After a decade of putting growth ahead of investor returns, publicly traded oil and gas companies are learning a hard lesson about the importance of attracting and retaining value investors, said the CEO of ConocoPhillips.
Ryan Lance offered an assessment of his industry when it comes to rewarding investors. "I think shareholders are a little bit frustrated with the [exploration and production] industry," he said at industry conference CERAWeek by IHS Markit on March 6. "In most cases, it's an industry that has destroyed capital over the years."
Lance said the message became clear after seeing one producer after another get shelled by investors earnings seasons: Start making money or else.

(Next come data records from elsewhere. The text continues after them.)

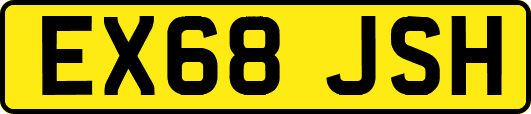 EX68JSH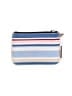 Coach Stripes Blue Wristlet One size - photo 2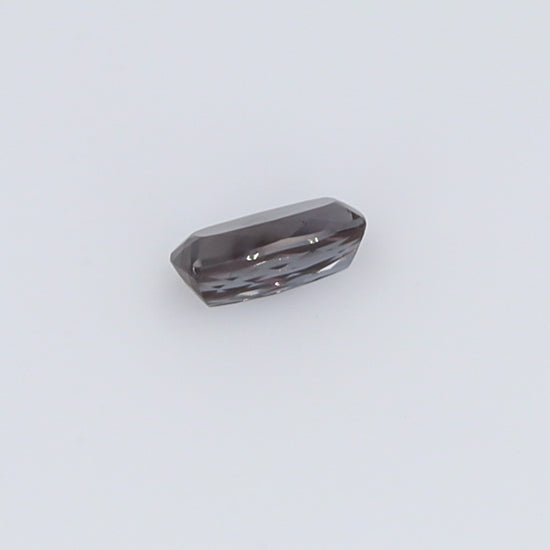 Natural Color Change Garnet 2.70 Carats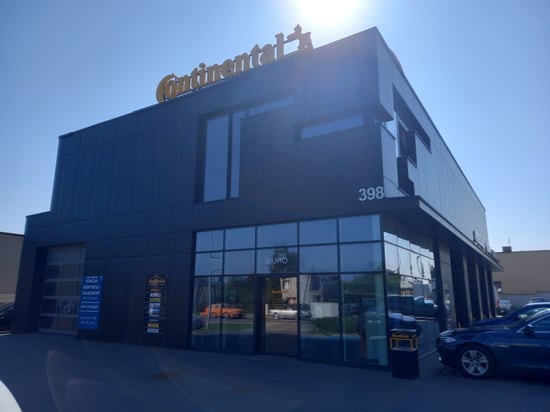 Image of workshop-hall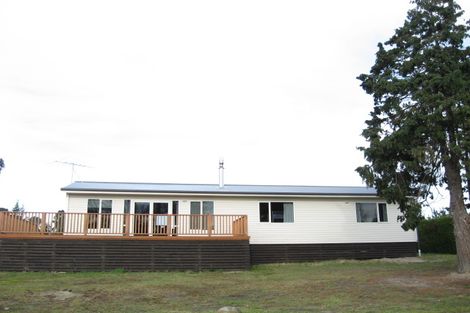 Photo of property in 6 Stewart Street, Waikouaiti, 9510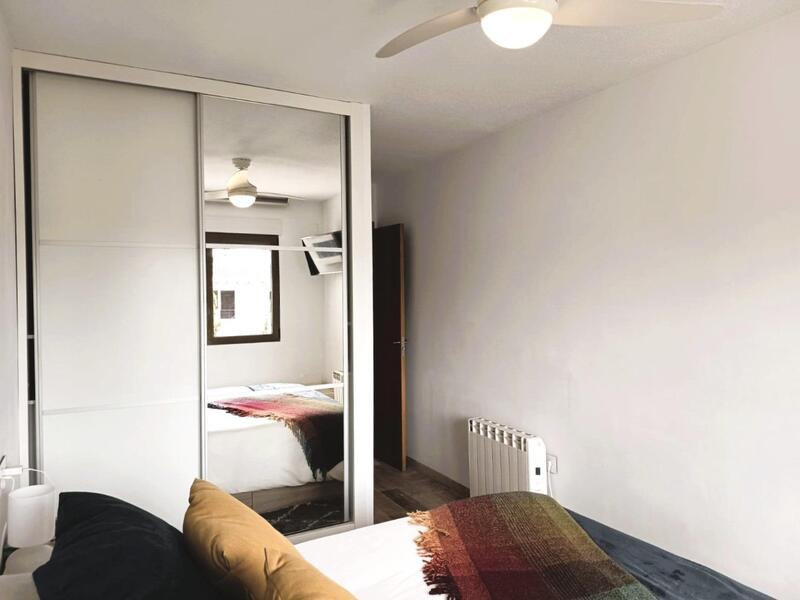 4 chambre Maison de Ville à vendre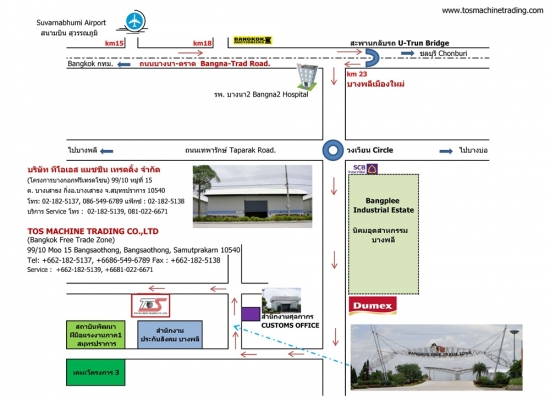 CAT 924G SN: 3DZ00886 สภาพพร้อมใช้งานขายถูกครับ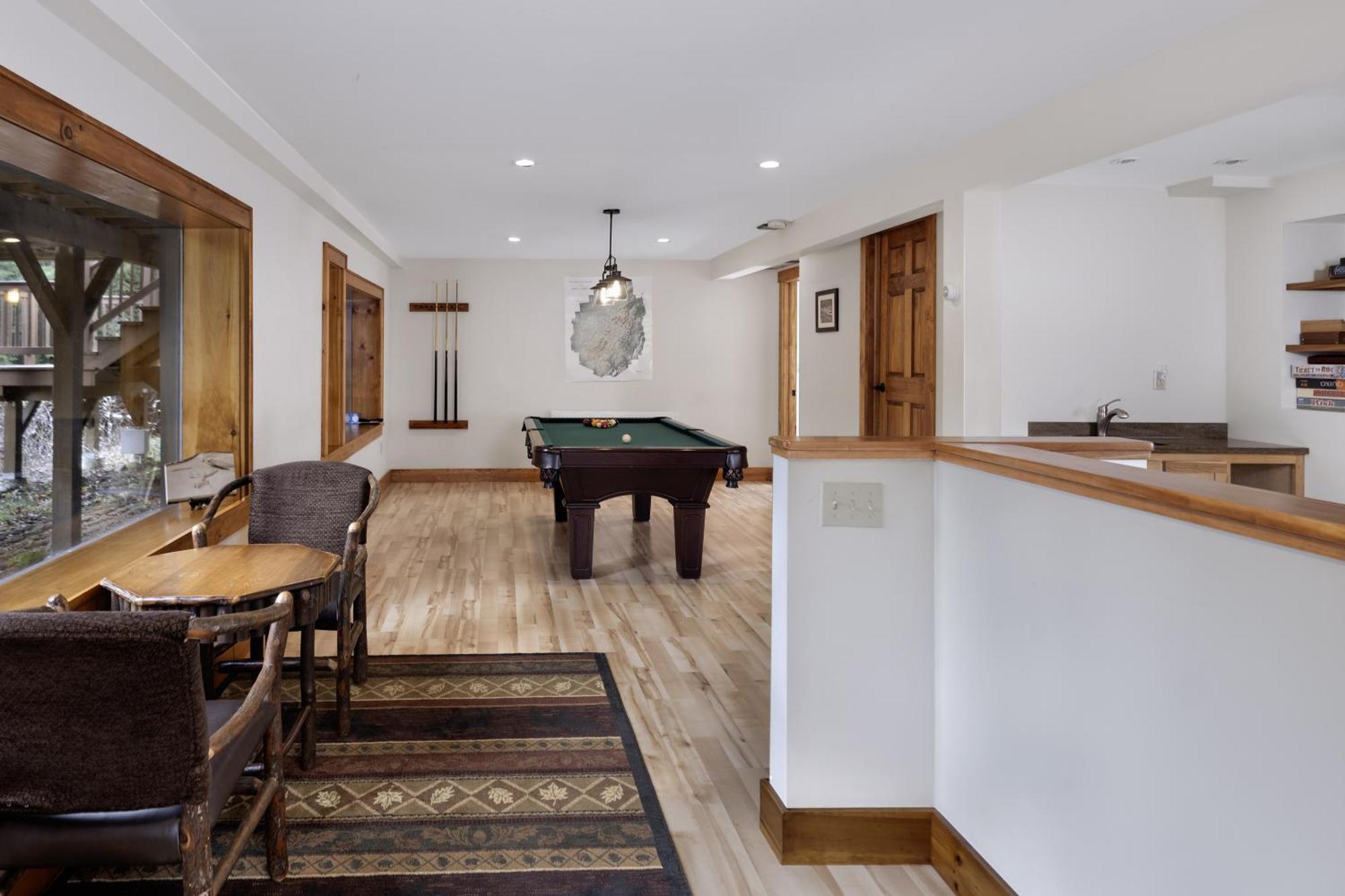Bark Eater Inn Keene Δωμάτιο φωτογραφία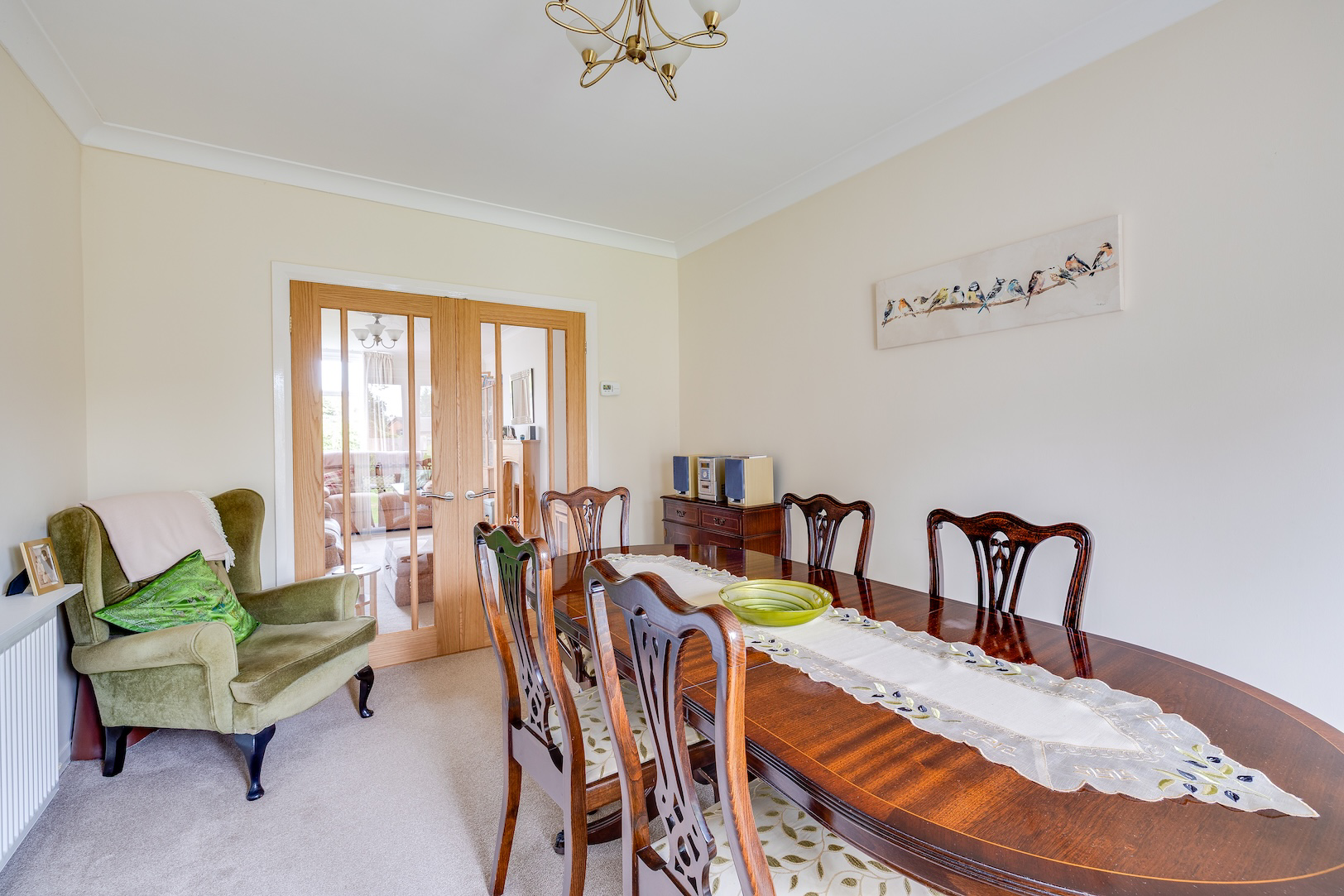 Marina Drive, Upton, CH2, photo 4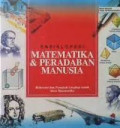 ensiklopedi: matematika & peradaban manusia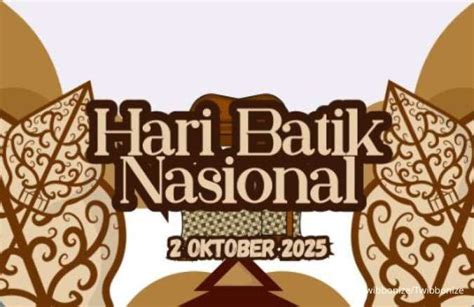 Galeri foto Video Memek Mulus flanel batik sebanyak 399 Hari ini cek alur ban di di halaman laporan masalah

Conoco, which was trading at better than $54 per share, dropped as low as $42.10 per share in August 2017 after it announced its second-quarter earnings. "We're marking a path of capital discipline and returns over growth," he said. "I think we're trying to get value investors back. I think they left."
The attitude of many investors was to stay away from energy stocks entirely due to the lack of returns, Lance said. "Most of the ones we talk to are underweight on energy. Not by a little but by a lot."
Lance said Conoco now believes that it should return 20% to 30% of its positive cash flow to shareholders "off the top" and has worked hard to reduce costs to free up even more money.
"We're trying to drive that sustained capital as low as we can. If you get a low sustaining capital, you have a low sustaining price, and that's what we're trying to get to," Lance said. "Our sustaining price is below $40 per barrel, so we can return value to shareholders in a sub-$40 world."